Task requirements: Please reproduce the lines from the one containing "Cadence X2 Series" through the end of the data below exactly as they stand, and omit all pictures.

Data excerpt:
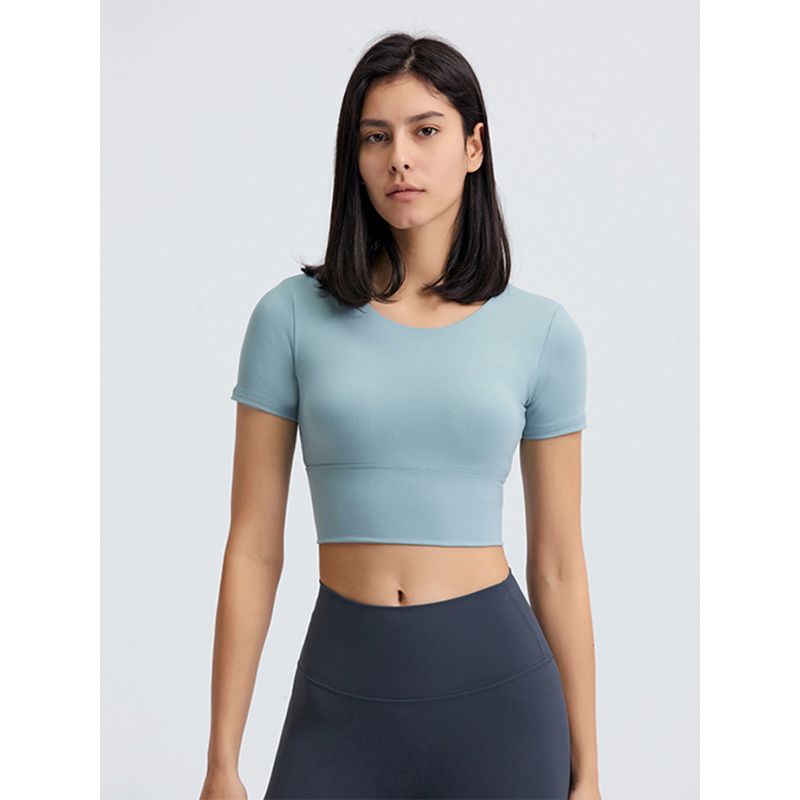 Original Open Back Yoga Jacket Short Sleeve Tight Sports T-shirt with Chest Pad Women's Quick-Drying Running Fitness Clothes Summer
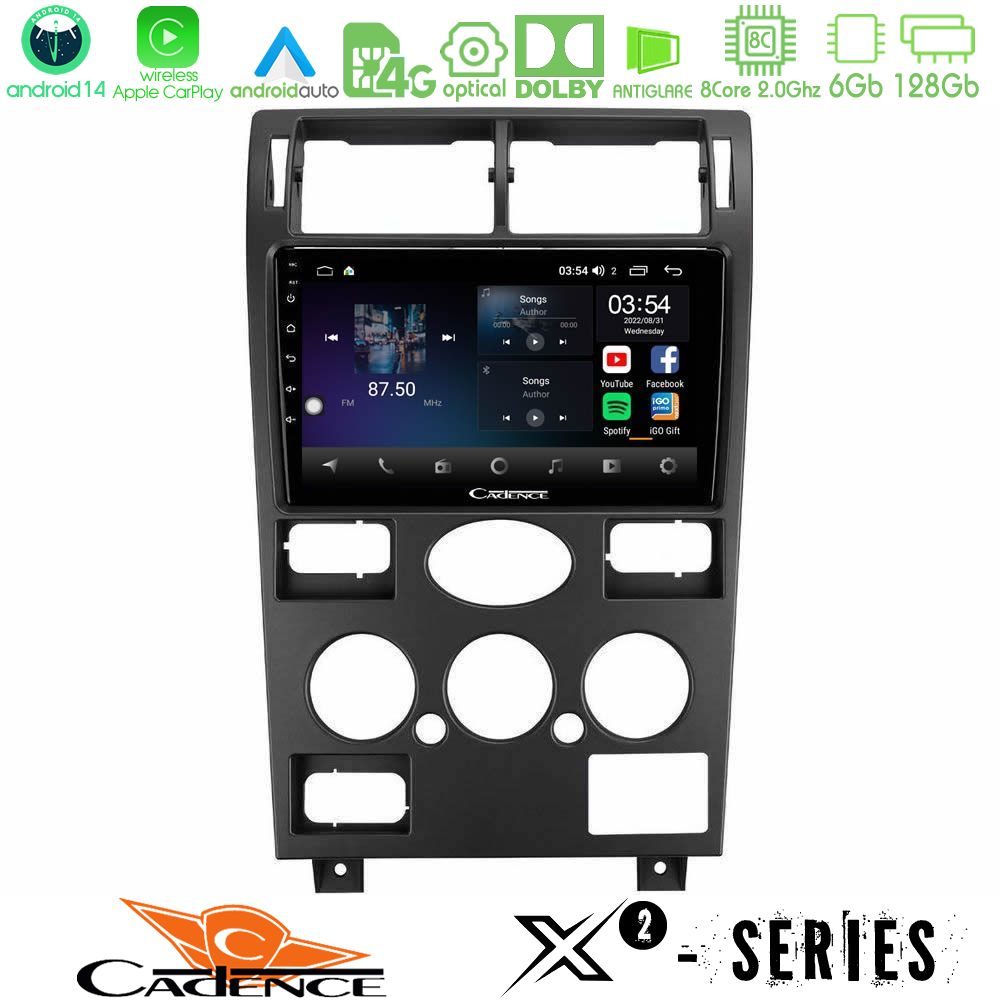 Cadence X2 Series 8Core Android14 6+128GB  Ford Mondeo 2001-2004 Navigation Multimedia Tablet 9"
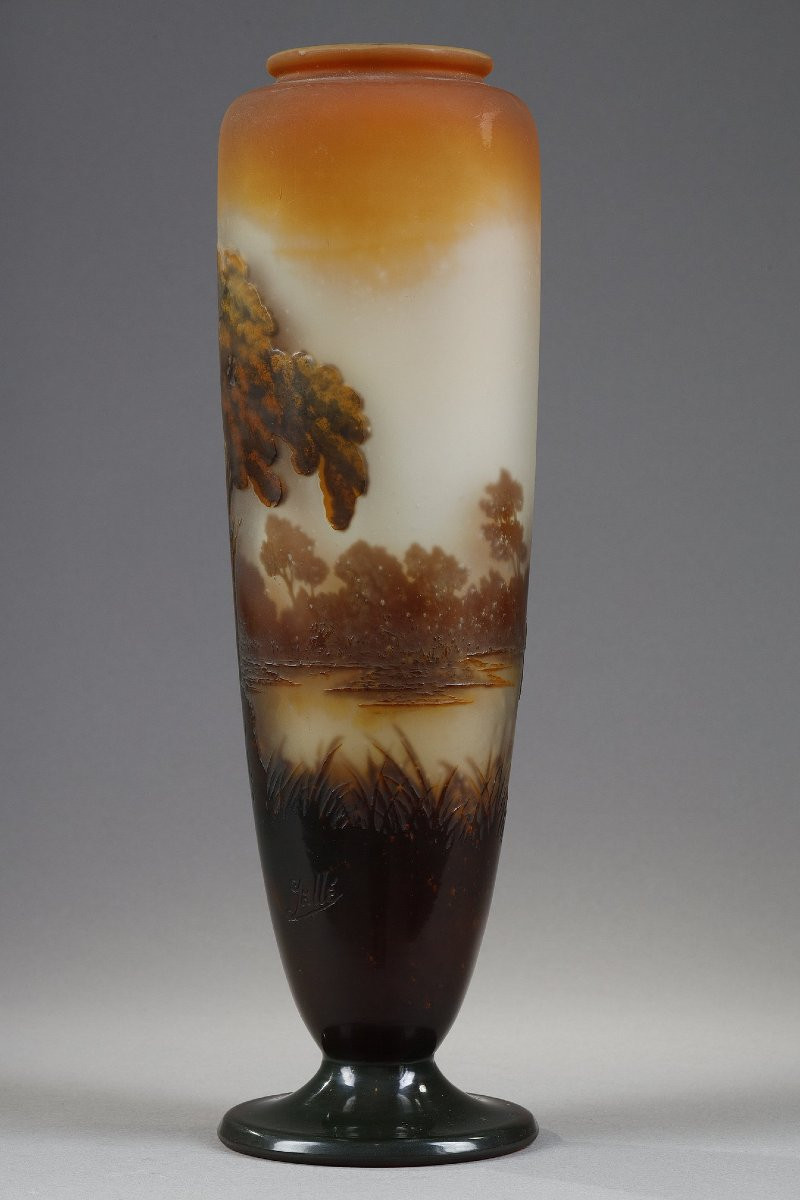 Vase au paysage lacustre - Etablissements GALLE-photo-2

Response to this task:
 Cadence X2 Series 8Core Android14 6+128GB  Ford Mondeo 2001-2004 Navigation Multimedia Tablet 9"
 Vase au paysage lacustre - Etablissements GALLE-photo-2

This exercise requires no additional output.